In the material below, find the span from the line with "الصحة العالمية تعلن" to the line with "头皮屑多如雪？加醋洗头等土方并不靠谱！教你正确的去屑方法图片" and transcribe only those lines, exactly, ends included, without the pictures.

Start of DATA LISTING

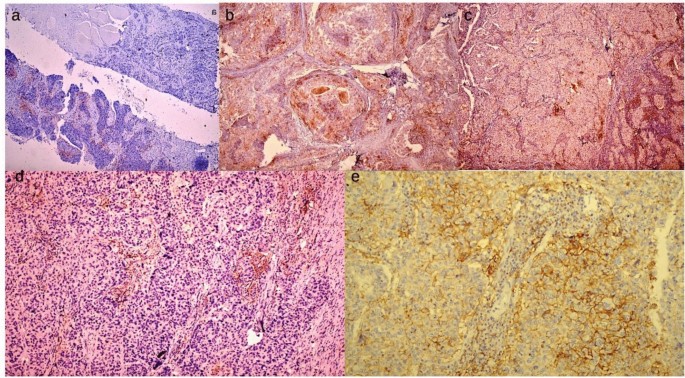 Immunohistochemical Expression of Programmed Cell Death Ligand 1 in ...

End of DATA LISTING
Start of DATA LISTING

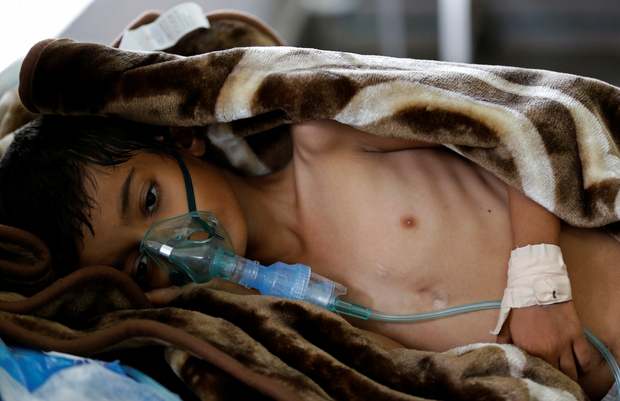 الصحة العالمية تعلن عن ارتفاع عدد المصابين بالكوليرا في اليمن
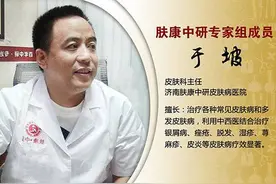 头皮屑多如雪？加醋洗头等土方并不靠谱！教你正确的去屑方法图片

End of DATA LISTING
Start of DATA LISTING

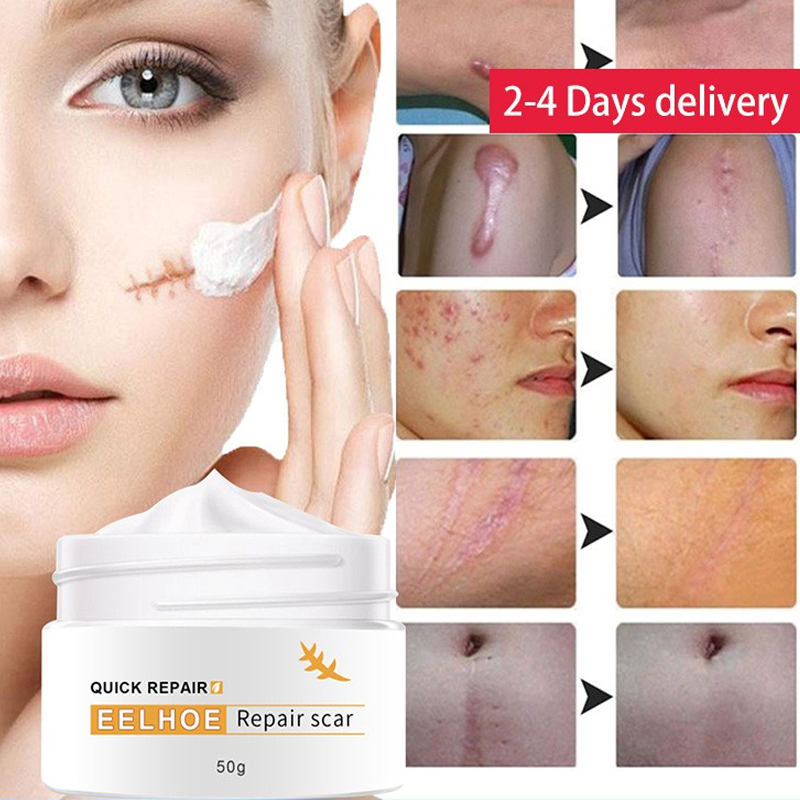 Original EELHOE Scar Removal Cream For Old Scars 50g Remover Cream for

End of DATA LISTING

## TASK SOLUTION
 الصحة العالمية تعلن عن ارتفاع عدد المصابين بالكوليرا في اليمن
 头皮屑多如雪？加醋洗头等土方并不靠谱！教你正确的去屑方法图片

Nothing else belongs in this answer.